### About this exercise
Skipping any pictures, give all of the records below again exactly.

----- Exercise data

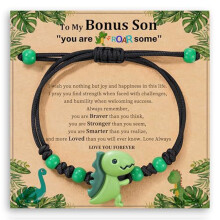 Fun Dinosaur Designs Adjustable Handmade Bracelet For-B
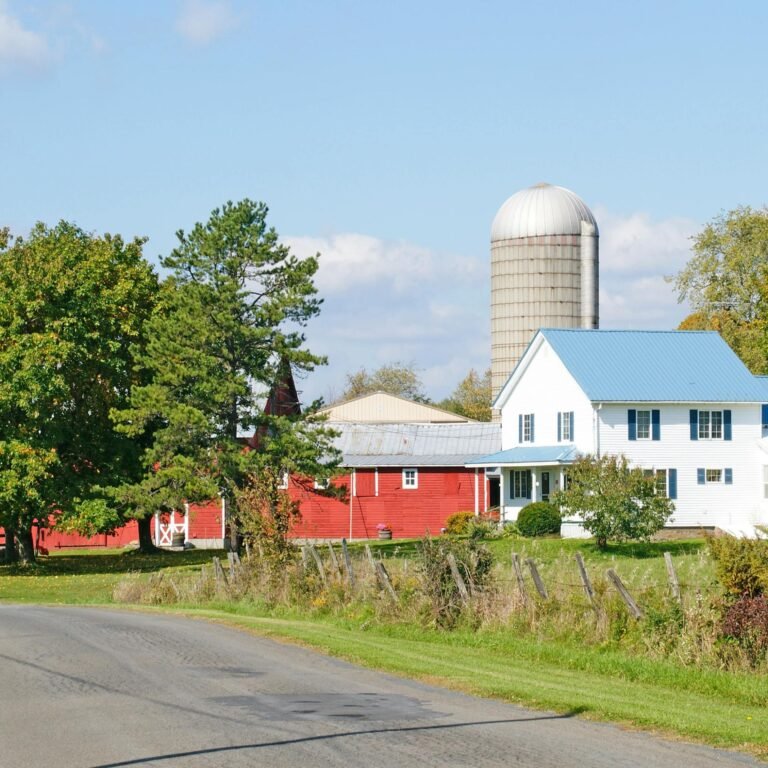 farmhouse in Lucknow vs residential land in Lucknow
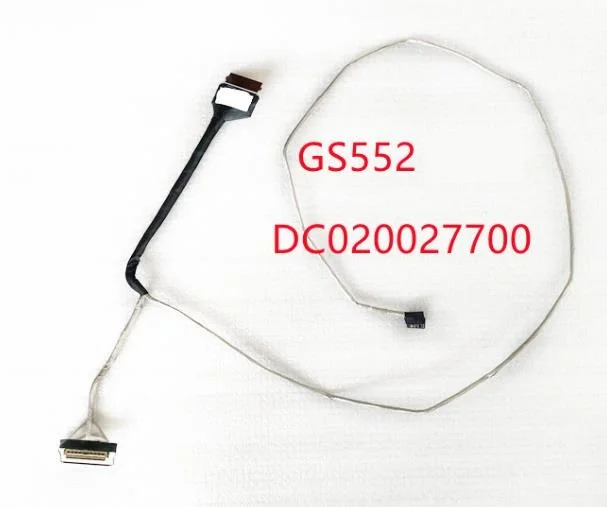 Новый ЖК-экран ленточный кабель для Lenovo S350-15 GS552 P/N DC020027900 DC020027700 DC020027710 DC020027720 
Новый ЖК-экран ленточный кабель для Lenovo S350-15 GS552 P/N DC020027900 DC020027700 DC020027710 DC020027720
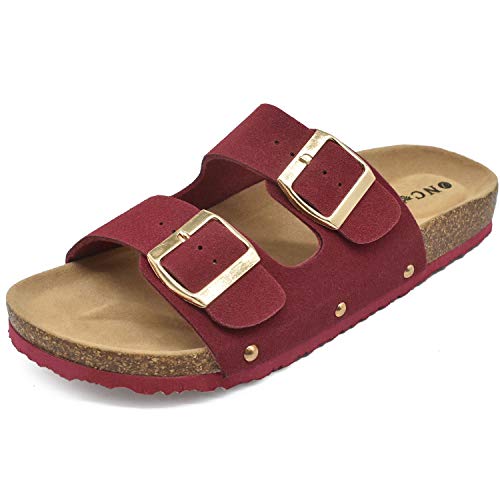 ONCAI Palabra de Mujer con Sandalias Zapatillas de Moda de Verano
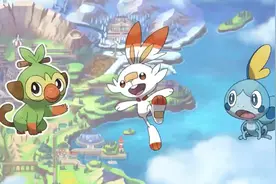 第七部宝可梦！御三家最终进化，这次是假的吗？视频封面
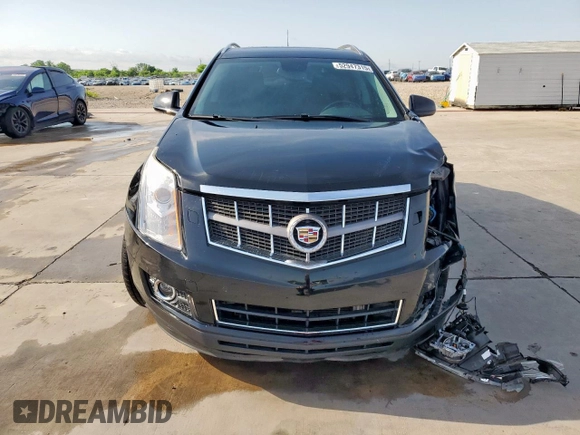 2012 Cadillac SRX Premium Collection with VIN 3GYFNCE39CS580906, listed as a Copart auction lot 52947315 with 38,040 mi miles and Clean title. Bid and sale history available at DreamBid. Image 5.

----------

### Response to the task
 Fun Dinosaur Designs Adjustable Handmade Bracelet For-B
 farmhouse in Lucknow vs residential land in Lucknow
 Новый ЖК-экран ленточный кабель для Lenovo S350-15 GS552 P/N DC020027900 DC020027700 DC020027710 DC020027720 
Новый ЖК-экран ленточный кабель для Lenovo S350-15 GS552 P/N DC020027900 DC020027700 DC020027710 DC020027720
 ONCAI Palabra de Mujer con Sandalias Zapatillas de Moda de Verano
 第七部宝可梦！御三家最终进化，这次是假的吗？视频封面
 2012 Cadillac SRX Premium Collection with VIN 3GYFNCE39CS580906, listed as a Copart auction lot 52947315 with 38,040 mi miles and Clean title. Bid and sale history available at DreamBid. Image 5.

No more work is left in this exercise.